Reproductive potential of Acacia species in the central wheatbelt: variation between years
Mangadas Lumban Gaol1,2 and J.E.D. Fox1
(1) Department of Environmental Biology, Curtin University of Technology, GPO Box U1987, Perth, Western Australia 6845; email: J.E.Fox@curtin.edu.au
(2) Department of Biology, Nusa Cendana University, Kampus baru, Penfui Kupang, West Timor, Indonesia; email: email@example.com
In a study at Sandford Rocks Nature Reserve aimed at discovering how rainfall variation between years affects reproductive potential in Acacia species, the effect of phyllode number and branch position in the crown and seed quality were investigated. High rainfall in 1999 allowed heavier fruiting. More inflorescences set pods and more pods were produced. In 2000, pod yields were reduced by drought. The extent of flowering depends on good winter rainfall and fruit production depends on moisture availability in spring. Although all species suffered from drought in 2000, there were differences in their degree of susceptibility: A. fauntleroyi, A. neurophylla, A. acuminata and A. steedmanii were the least affected whereas A. stereophylla failed to develop pods; A. hemiteles did not flower, and less than 1% of inflorescences developed a pod in both A. saligna and A. lasiocalyx.
Late spring frost in 1998 limited seed development.
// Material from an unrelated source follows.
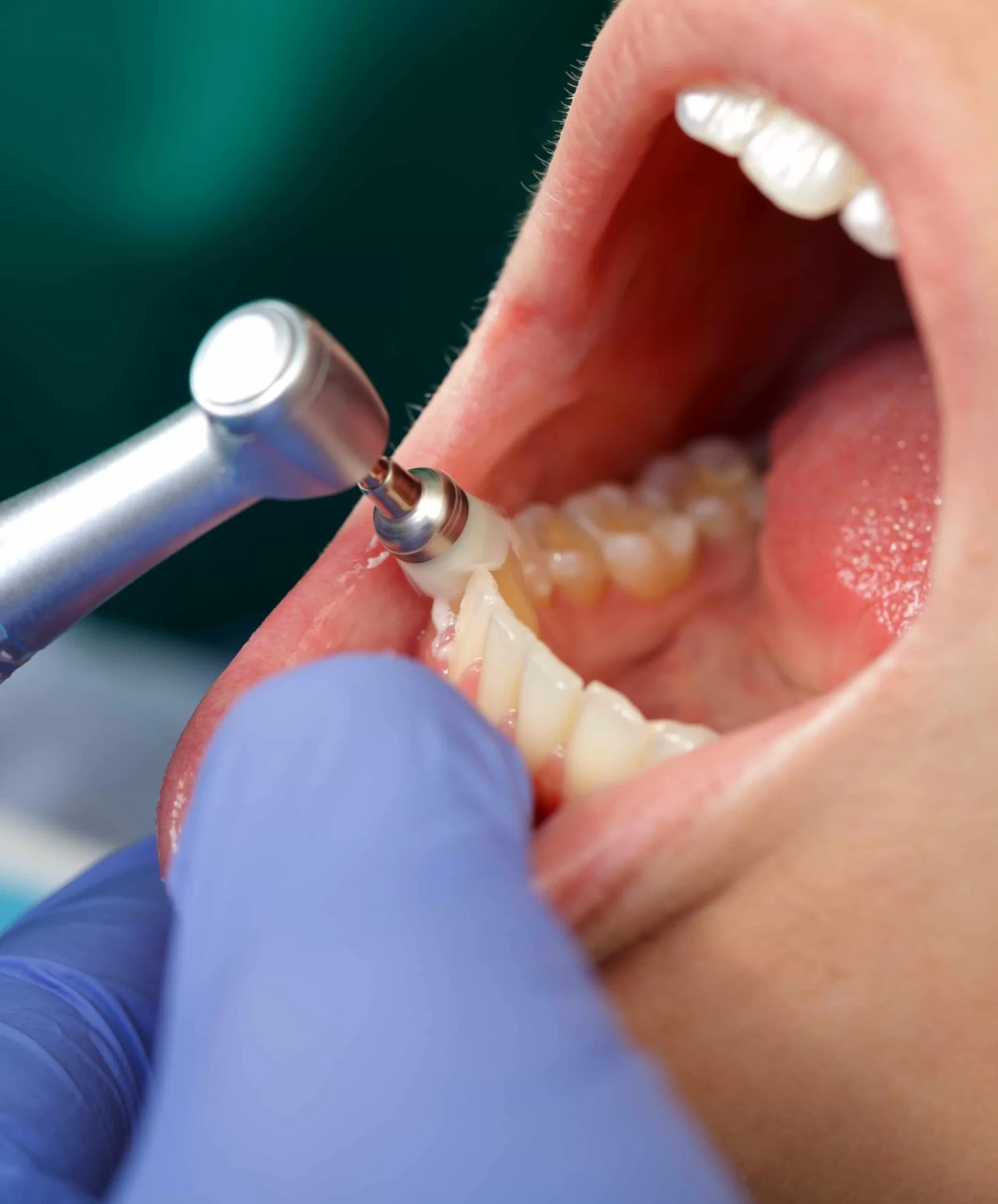 What Is Dental Prophylaxis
All species produced few seed; many pods were empty; many immature and infected seed were found; and there was poor germination. Of 13 species, only three had more than 40% germination. In six species there was no germination, while all others had less than 30% germination.
Plants bearing more phyllodes had more flowers and fruits, and fewer inflorescences dried off. Generally, branches in the upper part of the crown initiated more inflorescences. In some species there were more pods in central parts of the crown. The difference in the form or architecture of branches among species presumably affected resource partitioning and consequently reproductive potential.